Bir mektup yazıyorum dostuma. Bana, şu cümlenin çağrıştırdıklarını hatırlatıyor:
“Sen, en kötü düşlerde bile gülümseyişiyle bizi taciz eden o sevecen tanıklar türüne aitsin.”
Ona rüyamdan söz ediyorum, ama anlatmıyorum. Unuturum diye değil, ona gözlerine bakarak anlatmak istediğimi söylüyorum.

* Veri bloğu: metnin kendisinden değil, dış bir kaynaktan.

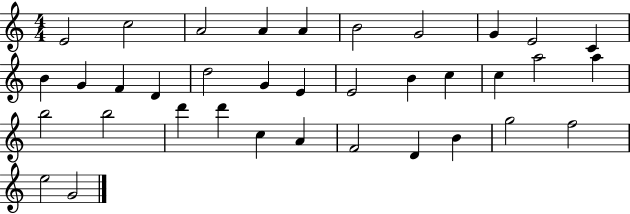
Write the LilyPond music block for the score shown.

Şu sözcükleri sıralıyorum alt alta:
- kırılgan
- kısa ömürlü
- zararsız
- sonsuz
- ukala
- bürünmek
- çaresiz
- sevecen
- gönlümüz…
Anlatıda, Mauricio’nun beliren şu yanını seviyorum nedense:
“Sen en içine kapanık olanımızdın, diğer münasebetsiz sadakatlerin reddedildiği gibi reddedilmeyen bu zarif sadakati daha o zamanlar sergiliyordun.”

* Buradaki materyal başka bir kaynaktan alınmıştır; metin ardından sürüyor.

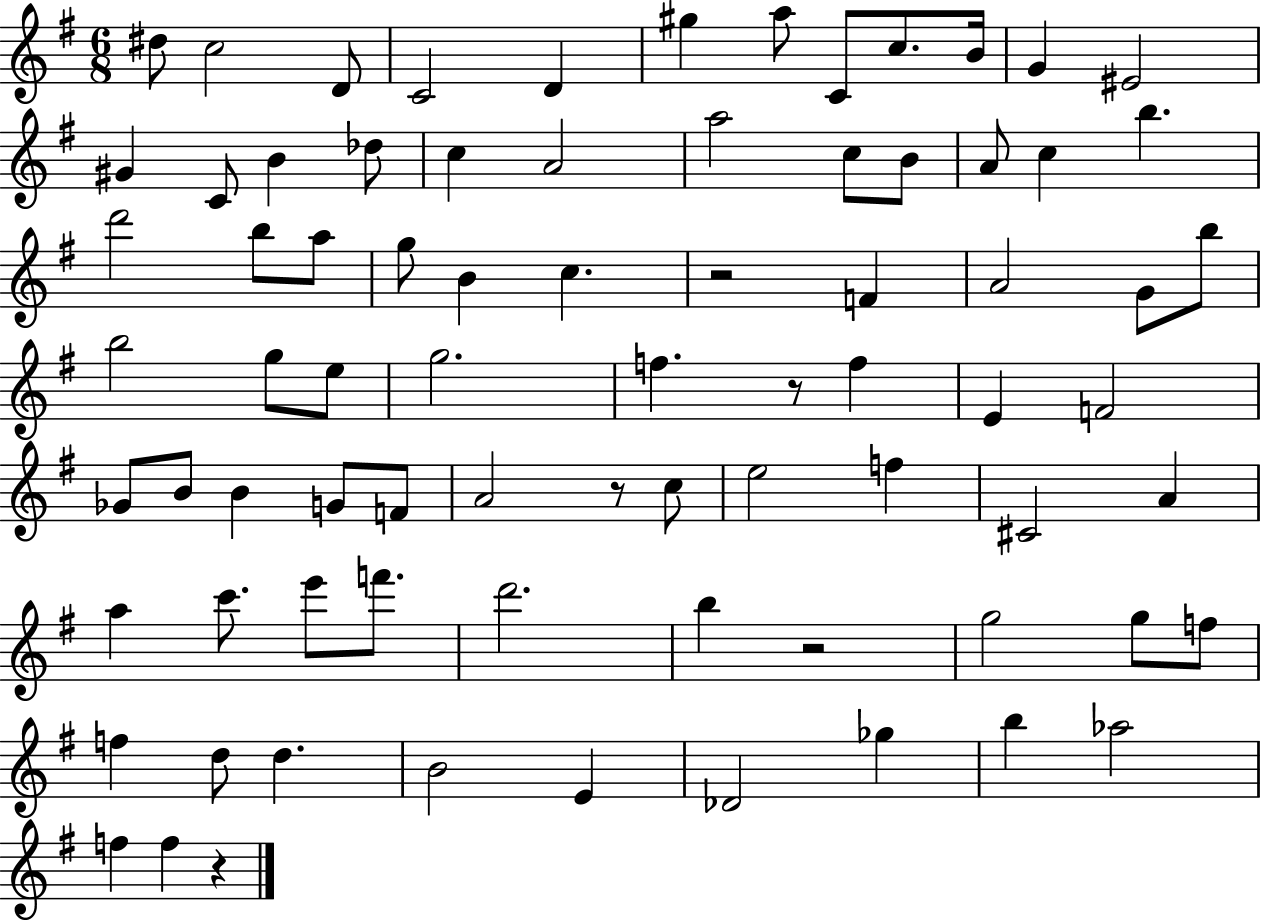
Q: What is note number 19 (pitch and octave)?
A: A5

Bu, bana, unutulmamış ama yıllardır da görüşülmemiş bir dostluğu hatırlatıyordu. Daha geçen gün, bir yakınıyla konuşurken; onu andıkça burnumun direğinin sızladığını söylemiştim.
“Ara, konuş,” demişti…
Ben de, eşinin adını anarak;
“… ama O var,” diyebilmiştim…
Anlamıştı ne demek istediğimi;
“Peki, ben sizi bir yemekte buluşturayım öyleyse,” diyerek susmuştu; benim neden insanın insana gidemediğini anlatmam üzerine…
İzliyordum uzaktan Onu…
Çizdiği kedi resimlerini, portrelerini.
Gençlik dönemimizde de ne çok portremi çizmişti oysa. Ara ara dosyamı açıp baktığım da olurdu bunlara…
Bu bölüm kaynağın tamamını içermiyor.